The research project ORCAS develops new technological solutions for online risk management and risk control of autonomous ships. The research in the project is interdisciplinary and connects the disciplines of cybernetics and risk management where the goal is to achieve a high degree of intelligence and decision-making ability for autonomous ships.
Autonomous ships are expected to improve safety and efficiency and reduce the environmental impact at sea. Reduced human operator intervention, and the gradual absence of personnel on board, makes it important to develop a sufficient situation awareness both for the autonomous ship and for the operators on land.
The advanced technical systems on board, the operations, and the interactions in a demanding environment can increase couplings, complexity and hazards that are difficult to identify, analyze and control. High risk of autonomous ships will not be accepted by the authorities and society in general, which means that it is necessary to develop risk reduction measures and efficient risk control.
ORCAS focuses in particular on developing safe and smarter automatic sailing systems and power and propulsion systems that are able to detect, verify, monitor, control, and follow up deviations and potential hazards to improve the situation awareness and decision-making ability of the autonomous ship.
The maritime industry is subject to a technology and business transition towards increased level of autonomy enabling lower manning or unmanned ships supported by onshore operational centres.
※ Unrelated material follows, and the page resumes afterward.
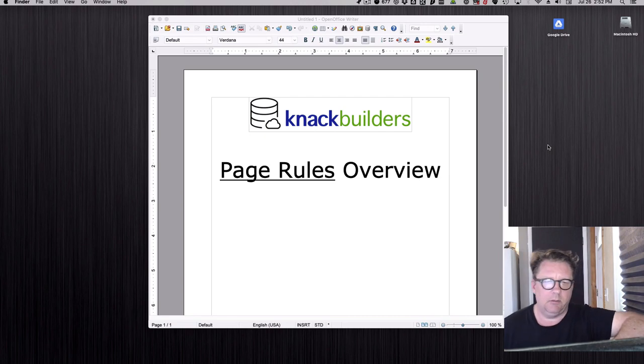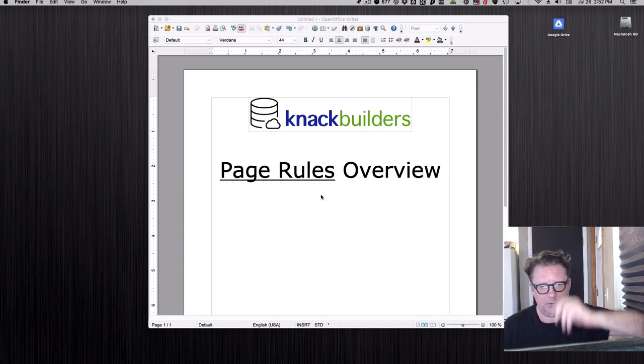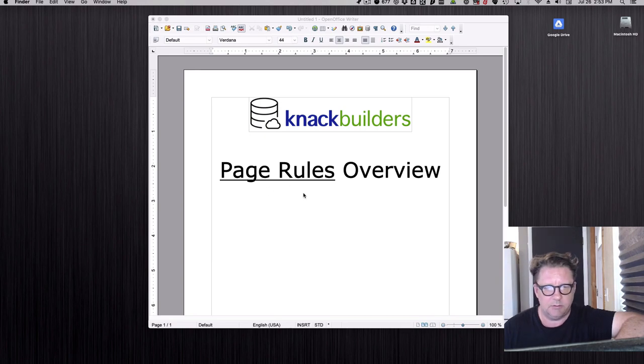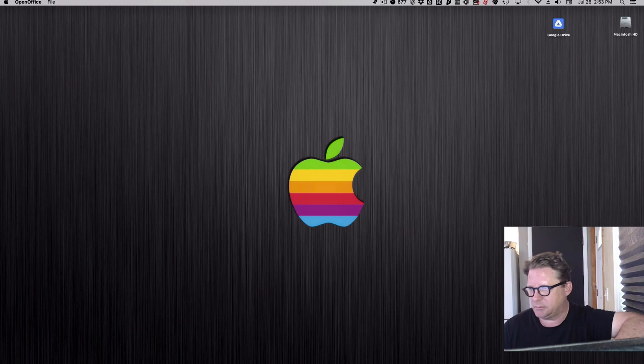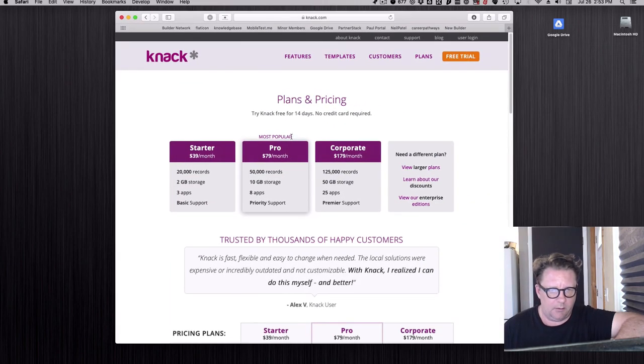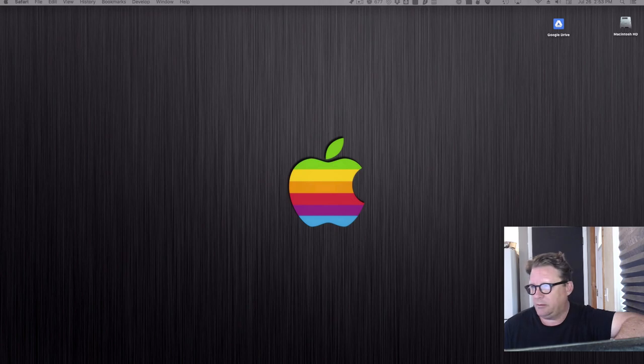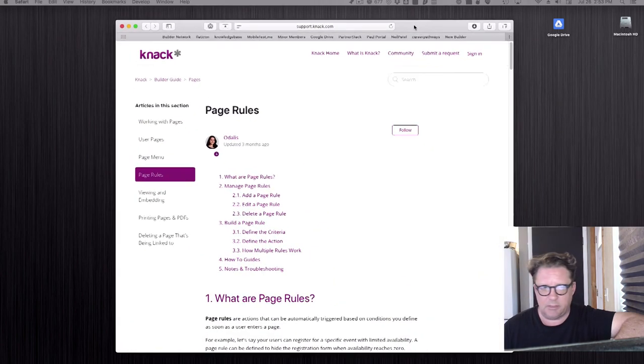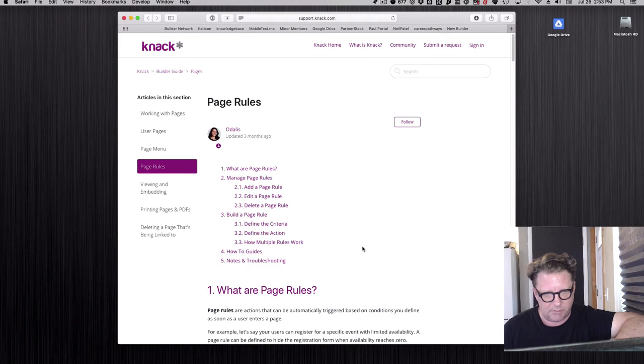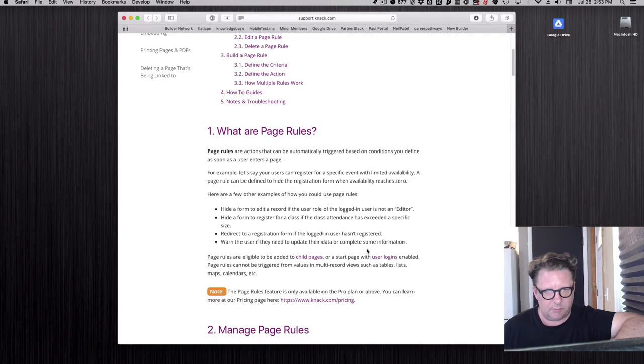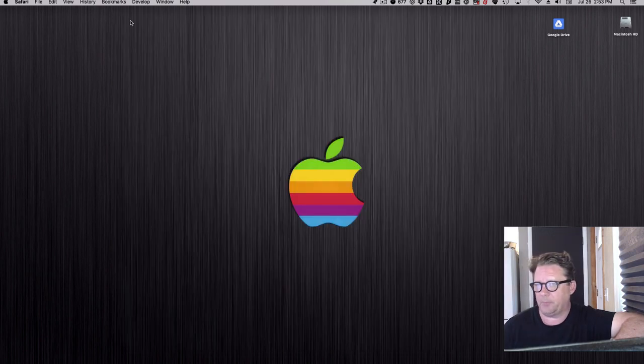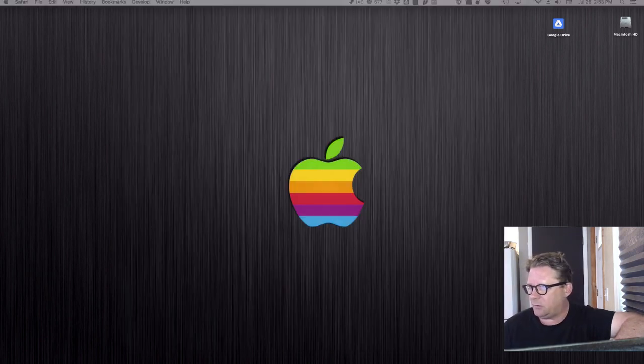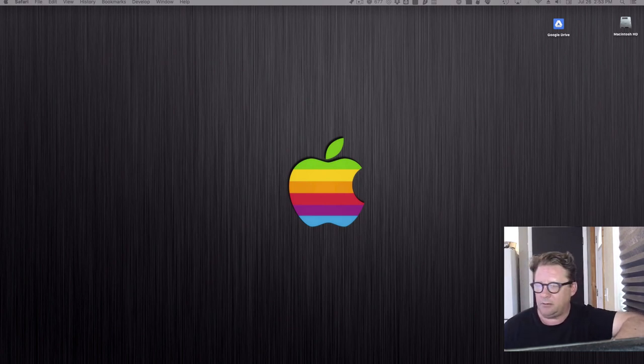Dave Parrish with Knack Builders back to discuss an overview of how page rules work. First of all, page rules you need the pro plan or larger to use. Knack actually also has an article on page rules. I'm going to put this in the comments on my YouTube video below. It goes in a fair amount of detail and could be a nice resource also.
The main drivers may be associated with reduced construction and operational cost, as well as improved safety and environmental impact. This project will develop novel technological solutions for online (real-time) risk management and risk control of autonomous ships. Cutting-edge interdisciplinary research aims to achieve high level of autonomy, intelligence and decision making capabilities for autonomous ships. The goal is to enhance the realization of autonomous ships by developing safer and smarter automatic sailing systems and power and propulsion control systems that are able to detect, perceive, verify, monitor, control and follow-up deviations and potential hazards.
Complex power and propulsion systems will be installed in autonomous ships. Advanced control systems introduce new types of failures, due to unforeseen interlocks in system design and functionality. If personnel are not onboard to operate, the ship needs to have safe and reliable onboard systems with high availability to be able to maneuover safely in the seaway. Shutting down and remobilizing the ship operation due to hazards caused by automatic or autonomous systems, including false alarms, are not economically viable, nor acceptable from a risk perspective. If sufficient system integrity cannot be ensured, highly autonomous and unmanned ships will not be realized on a broader scale.
The knowledge building in the project will be decisive for the realization of autonomous ships. Specifically, the research results will lead to improved automatic sailing systems and power and propulsion control systems through the integration of risk modelling, machine learning, simulation, and verification of safe responses with optimization-based model predictive control (MPC).